At the Siam Center, a large shopping mall and multiplex in the middle of Bangkok, locals and international guests praised Thai films such as Overture and Okay Baytung.
And in the outskirts of Bangkok, at shabby noodle shops, giant movie posters of Thai films such as Wusan are posted outside the shops, just next to a poster of Tom Cruise starring in The Last Samurai. The signs are that Thai movies are getting better and the Thai film industry is in a healthy state.
"We are trying to elevate ourselves to the more sophisticated level of an international film festival," said Craig Prater, executive director of the 2004 Bangkok International Film Festival. According to Prater, the total number of films entered has increased from 120 to 164 films this year.

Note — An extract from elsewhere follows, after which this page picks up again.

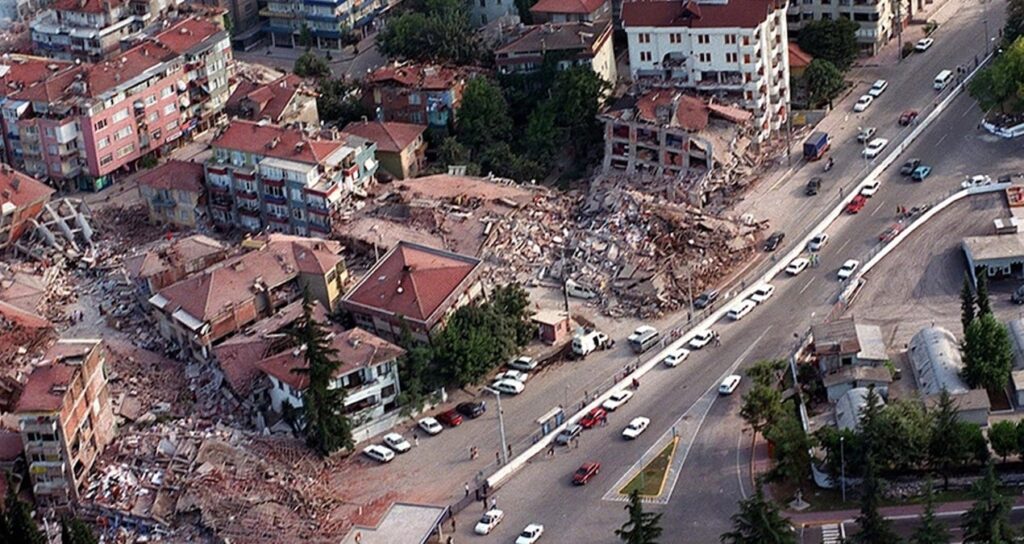 17 agustos marmara depreminin tuyler urperten ses kaydi XyuJ1dVZ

The competition section of the film festival has expanded from one to three competition categories. They are International Competition, which has 13 Oscar-level international movies running for the Kinnaree Award; the ASEAN Competition, with 15 films from the Association of South East Asian Countries that are competing for the Best ASEAN Film; and the ASEAN Shorts and Docs Competition.
The ASEAN competition will be judged by the FIPRESCI jury, which is composed of the Federation de la Presse Cinemagraphique Internationale.
The FIPRESCI award is a regular award given at major film festivals in Cannes, Berlin and Venice.
This year the festival also launches the first Bangkok Film Market, a new section to create film business deal-making platform in Southeast Asia and form strategic partnerships to take advantage of growing international interests in Asian cinema.
There are 130 companies from 23 countries participating in the market and the results are solid. According to Prater, when the market finishes next Friday, he expects at least three big deals to be signed.
Three Thai films have been acquired by US based international distributors, including the well-received movie Overture, a drama about a Thai musical legend 100 years ago.